Step 1: Understanding the Concept:
The acceleration due to gravity ($g$) varies with both height above the surface and depth below the surface.
As you go deeper into the Earth, the mass of the "shell" above you does not exert a net gravitational force. Only the mass within a sphere of your current radius counts.
This leads to a linear decrease in gravity as depth increases.
Step 2: Key Formula or Approach:
The formula for gravity at a depth $d$ is:
\[ g_d = g \left( 1 - \frac{d}{R} \right) \]

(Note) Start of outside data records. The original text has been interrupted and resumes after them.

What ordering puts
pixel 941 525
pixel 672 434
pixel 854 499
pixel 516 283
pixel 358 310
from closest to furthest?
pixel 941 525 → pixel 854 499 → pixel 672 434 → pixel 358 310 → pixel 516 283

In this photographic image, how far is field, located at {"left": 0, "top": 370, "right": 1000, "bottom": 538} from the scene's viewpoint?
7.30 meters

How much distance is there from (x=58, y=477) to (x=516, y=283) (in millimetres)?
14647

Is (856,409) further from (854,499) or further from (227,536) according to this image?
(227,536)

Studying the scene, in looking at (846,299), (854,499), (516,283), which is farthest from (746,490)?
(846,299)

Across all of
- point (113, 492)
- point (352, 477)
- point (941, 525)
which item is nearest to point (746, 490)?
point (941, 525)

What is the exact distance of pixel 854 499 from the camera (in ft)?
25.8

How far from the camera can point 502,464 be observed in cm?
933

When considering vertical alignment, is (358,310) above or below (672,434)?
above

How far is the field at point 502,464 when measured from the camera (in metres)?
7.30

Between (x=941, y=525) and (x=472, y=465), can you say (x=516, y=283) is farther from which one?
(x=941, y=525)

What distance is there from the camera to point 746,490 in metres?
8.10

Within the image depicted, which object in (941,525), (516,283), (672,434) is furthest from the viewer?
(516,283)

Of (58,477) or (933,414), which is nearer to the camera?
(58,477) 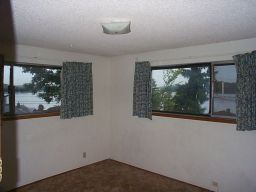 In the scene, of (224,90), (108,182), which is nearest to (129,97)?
(108,182)

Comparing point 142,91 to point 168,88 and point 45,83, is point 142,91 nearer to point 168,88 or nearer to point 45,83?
point 168,88

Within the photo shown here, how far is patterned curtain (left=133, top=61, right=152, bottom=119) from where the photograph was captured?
147 inches

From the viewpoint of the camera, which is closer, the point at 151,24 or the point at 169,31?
the point at 151,24

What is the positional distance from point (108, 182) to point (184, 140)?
1399mm

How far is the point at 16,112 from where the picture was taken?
10.6 ft

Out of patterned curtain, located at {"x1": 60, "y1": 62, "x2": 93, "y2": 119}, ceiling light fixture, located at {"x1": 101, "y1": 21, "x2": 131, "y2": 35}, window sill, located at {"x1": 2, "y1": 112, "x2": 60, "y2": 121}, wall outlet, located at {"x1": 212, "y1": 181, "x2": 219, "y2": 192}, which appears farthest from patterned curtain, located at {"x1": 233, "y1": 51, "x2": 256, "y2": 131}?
window sill, located at {"x1": 2, "y1": 112, "x2": 60, "y2": 121}

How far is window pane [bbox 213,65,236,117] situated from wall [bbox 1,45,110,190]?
87.7 inches

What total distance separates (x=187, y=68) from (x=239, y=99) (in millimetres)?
977

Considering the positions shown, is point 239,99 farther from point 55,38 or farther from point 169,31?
point 55,38

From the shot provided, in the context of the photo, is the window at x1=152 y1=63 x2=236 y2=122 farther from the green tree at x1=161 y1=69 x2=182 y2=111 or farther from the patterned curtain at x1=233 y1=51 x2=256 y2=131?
the patterned curtain at x1=233 y1=51 x2=256 y2=131

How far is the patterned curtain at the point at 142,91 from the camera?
3723 mm

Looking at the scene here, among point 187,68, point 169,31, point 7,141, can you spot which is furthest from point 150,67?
point 7,141

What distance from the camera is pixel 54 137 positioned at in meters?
3.64

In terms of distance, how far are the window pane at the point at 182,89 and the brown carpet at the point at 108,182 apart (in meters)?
1.17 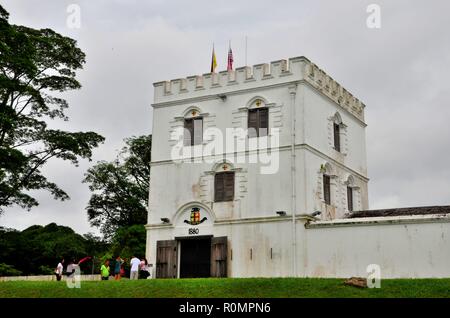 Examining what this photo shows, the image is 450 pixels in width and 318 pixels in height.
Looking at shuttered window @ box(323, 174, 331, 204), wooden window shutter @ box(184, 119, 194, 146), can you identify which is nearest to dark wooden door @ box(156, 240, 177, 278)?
wooden window shutter @ box(184, 119, 194, 146)

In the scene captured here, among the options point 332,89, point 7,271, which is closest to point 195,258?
point 332,89

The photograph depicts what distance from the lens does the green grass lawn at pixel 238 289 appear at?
2045 centimetres

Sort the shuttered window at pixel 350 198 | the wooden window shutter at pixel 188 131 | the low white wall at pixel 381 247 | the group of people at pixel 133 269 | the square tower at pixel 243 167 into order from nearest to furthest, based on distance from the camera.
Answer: the low white wall at pixel 381 247, the group of people at pixel 133 269, the square tower at pixel 243 167, the wooden window shutter at pixel 188 131, the shuttered window at pixel 350 198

where $g$ is gravity at the surface, $d$ is depth, and $R$ is the radius of the Earth.
Detailed Explanation:
The problem states that at depth $d$, the gravity is half of its surface value:
\[ g_d = \frac{g}{2} \]
Substitute this into the formula:
\[ \frac{g}{2} = g \left( 1 - \frac{d}{R} \right) \]
Dividing both sides by $g$:
\[ \frac{1}{2} = 1 - \frac{d}{R} \]
Rearranging the terms:
\[ \frac{d}{R} = 1 - \frac{1}{2} \]
\[ \frac{d}{R} = \frac{1}{2} \]
\[ d = \frac{R}{2} \]
Thus, at a depth equal to half of the Earth's radius, gravity becomes half.
Step 3: Final Answer:
The required depth is $\frac{R}{2}$.